Exercise objective: Look below for the line that contains "a bedroom with", then copy it and each following line exactly, through and including the line that contains "Rustic deep fried".

[Scraped caption text data]
______
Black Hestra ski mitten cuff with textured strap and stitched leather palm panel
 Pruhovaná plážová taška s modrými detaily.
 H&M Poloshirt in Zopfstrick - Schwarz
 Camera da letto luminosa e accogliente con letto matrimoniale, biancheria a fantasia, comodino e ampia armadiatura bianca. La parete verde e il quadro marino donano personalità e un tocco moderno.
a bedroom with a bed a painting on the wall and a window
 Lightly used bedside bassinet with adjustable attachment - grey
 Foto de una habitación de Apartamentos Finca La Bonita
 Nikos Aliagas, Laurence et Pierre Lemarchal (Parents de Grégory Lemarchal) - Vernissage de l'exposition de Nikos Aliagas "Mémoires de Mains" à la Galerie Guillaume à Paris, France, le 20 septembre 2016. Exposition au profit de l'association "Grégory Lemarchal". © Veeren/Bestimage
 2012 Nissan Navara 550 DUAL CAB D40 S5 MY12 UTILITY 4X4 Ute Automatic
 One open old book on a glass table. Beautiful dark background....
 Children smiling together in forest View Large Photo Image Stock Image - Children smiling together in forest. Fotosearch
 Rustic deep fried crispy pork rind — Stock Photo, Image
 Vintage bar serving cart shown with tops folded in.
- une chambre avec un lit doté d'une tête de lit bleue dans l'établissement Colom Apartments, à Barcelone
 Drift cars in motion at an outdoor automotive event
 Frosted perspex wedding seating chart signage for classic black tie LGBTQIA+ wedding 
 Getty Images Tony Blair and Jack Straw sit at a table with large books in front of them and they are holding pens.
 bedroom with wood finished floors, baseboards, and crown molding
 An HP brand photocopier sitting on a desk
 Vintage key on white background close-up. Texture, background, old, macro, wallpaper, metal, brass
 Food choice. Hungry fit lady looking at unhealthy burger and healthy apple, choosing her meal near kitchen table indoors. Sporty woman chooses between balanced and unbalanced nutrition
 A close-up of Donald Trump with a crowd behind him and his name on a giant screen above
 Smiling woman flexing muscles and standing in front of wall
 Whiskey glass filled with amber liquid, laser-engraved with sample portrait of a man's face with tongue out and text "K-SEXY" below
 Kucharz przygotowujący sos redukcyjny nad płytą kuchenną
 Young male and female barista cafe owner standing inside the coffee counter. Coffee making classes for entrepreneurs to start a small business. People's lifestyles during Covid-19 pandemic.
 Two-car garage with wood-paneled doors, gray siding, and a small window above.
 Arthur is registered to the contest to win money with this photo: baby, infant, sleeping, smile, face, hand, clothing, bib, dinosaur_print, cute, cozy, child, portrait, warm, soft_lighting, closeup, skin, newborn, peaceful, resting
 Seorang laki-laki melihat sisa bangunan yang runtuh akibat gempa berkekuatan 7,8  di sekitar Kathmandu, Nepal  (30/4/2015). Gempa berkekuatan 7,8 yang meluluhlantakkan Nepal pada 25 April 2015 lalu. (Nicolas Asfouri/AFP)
______
Solution to the exercise:
a bedroom with a bed a painting on the wall and a window
 Lightly used bedside bassinet with adjustable attachment - grey
 Foto de una habitación de Apartamentos Finca La Bonita
 Nikos Aliagas, Laurence et Pierre Lemarchal (Parents de Grégory Lemarchal) - Vernissage de l'exposition de Nikos Aliagas "Mémoires de Mains" à la Galerie Guillaume à Paris, France, le 20 septembre 2016. Exposition au profit de l'association "Grégory Lemarchal". © Veeren/Bestimage
 2012 Nissan Navara 550 DUAL CAB D40 S5 MY12 UTILITY 4X4 Ute Automatic
 One open old book on a glass table. Beautiful dark background....
 Children smiling together in forest View Large Photo Image Stock Image - Children smiling together in forest. Fotosearch
 Rustic deep fried crispy pork rind — Stock Photo, Image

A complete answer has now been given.